Le rituel consiste en manifestation et port de masques (il y en a un ou plusieurs selon les confréries). Les plus importants sont à forme de crocodile et de requin (v. fig. 59 et suiv.). Il y a, de plus, adoration d’une sorte d’autel (fig. 12) qui semble avoir donné naissance à une sorte de culte épigone, indépendant (p. 269 et suiv.), danses, mimiques des diverses confréries des Beizam boai. Ces danses se font de village en village, comme une sorte de pèlerinage qui retrace les aventures de Bomai Malu. — Quant au mythe, il est intermédiaire entre celui d’un animal totémique qui tiendrait du requin et du crocodile (avec êtres subsumés, p. 253, 256 et 38, n. 1 et 2), celui d’une constellation qui règle une partie de la vie agricole et humaine (p. 269 et suiv.), et celui d’une divinité héroïque, humaine, symbole de la force guerrière des Miriam. Les épisodes du mythe, comme les diverses cérémonies et les différents ordres des Beizam, sont partagés entre les villages.

Suivant M. Haddon, ce culte serait d’importation étrangère il croit trouver une preuve de cet emprunt dans les voyages que le mythe prête au héros. Le culte d’un dieu individuel, anthropomorphique, serait venu de la Nouvelle-Guinée dans les Îles de l’ouest et, de là, dans celles de l’est où, par suite de la prospérité qui y règne, il aurait balayé le totémisme. Il n’est pas a priori impossible que les choses se soient passées ainsi ; l’extension rapide de ces grands cultes, mal définis, s’observe même en pays de totémisme, en Australie comme en Amérique. Mais il nous paraît douteux que le cas de Bomai-Malu soit un fait de ce genre. Sans doute, d’après le mythe, Bomai est venu de l’ouest et, peut-être, de la Nouvelle-Guinée.

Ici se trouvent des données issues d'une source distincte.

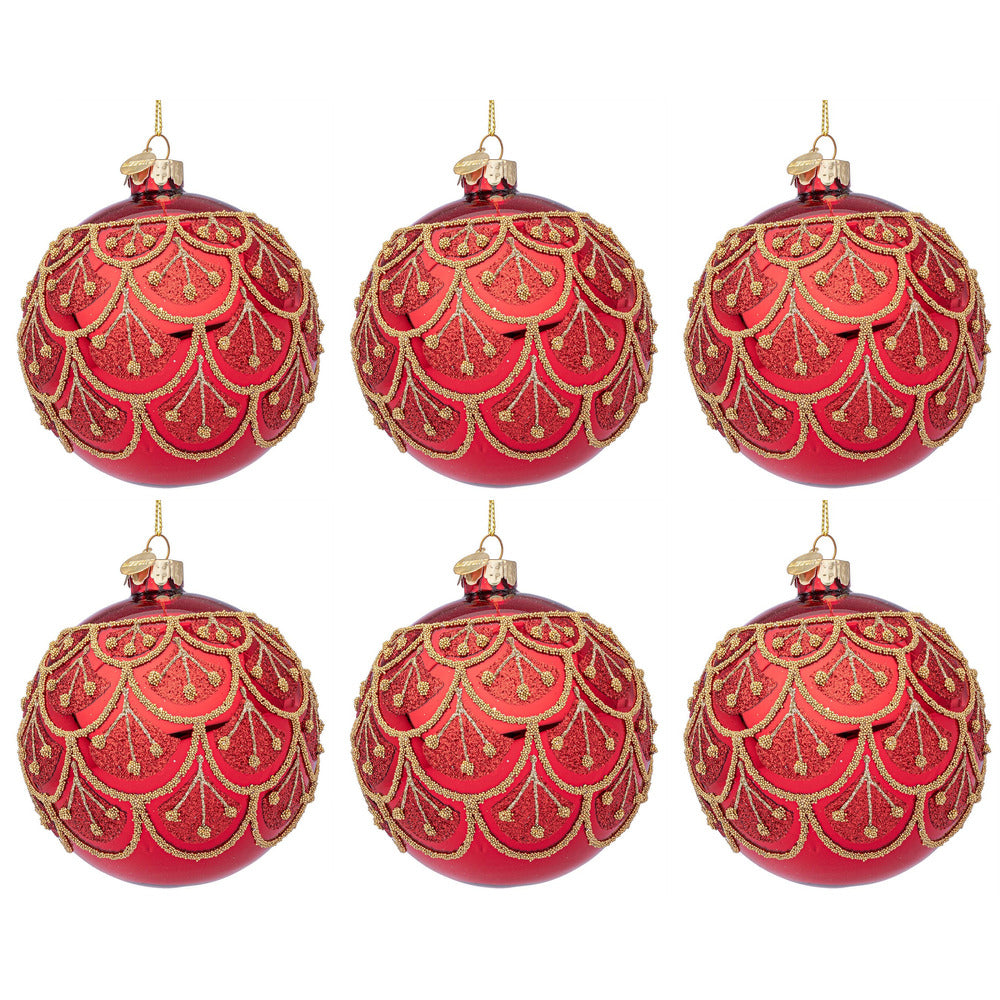 Palline di Natale in Vetro Rosse con Perline Oro Winslows Diametro: 80 mm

Mais cela peut tout aussi bien signifier que les Miriam ont emporté ce culte avec eux dans leurs émigrations d’abord vers le sud (îles de l’ouest), ensuite vers l’est. En tout cas, nous apercevons plus de différence que de parenté entre le culte et le mythe de Kwoiam et celui de Bomai-Malu ; même ce dernier nous paraît avoir plus de rapports avec les mythes totémiques du requin et du crocodile à Yam. Si donc la vague qui apporta le culte national à Mer et dans les îles Murray a vraiment passé sur les îles de l’ouest, elle y a certainement laissé peu de traces. Et il ne faut pas tenir un compte exagéré du mythe : le mythe de Malu n’est pas historique, selon nous, mais descriptif. Il nous paraît donc préférable d’y voir le produit d’une évolution indépendante. Étant données surtout les marques manifestement totémiques de ce culte, il est tout naturel de supposer que Bomai-Malu-Beizam est un ancien totem, peut-être de phratrie, qui, pour une raison quelconque, a été amené à prendre une place prépondérante. La société des hommes qui, à l’origine, se confond avec le système des clans totémiques, se serait donc concentrée tout entière autour de ce culte qui aurait absorbé les autres ou se les serait subordonnés. Nous aurions ainsi, dans ce cas privilégié, un moyen de nous figurer comment on est passé du totémisme néo-guinéen aux formes religieuses plus avancées des îles de l’ouest, et finalement à celles, plus évoluées encore, de l’est.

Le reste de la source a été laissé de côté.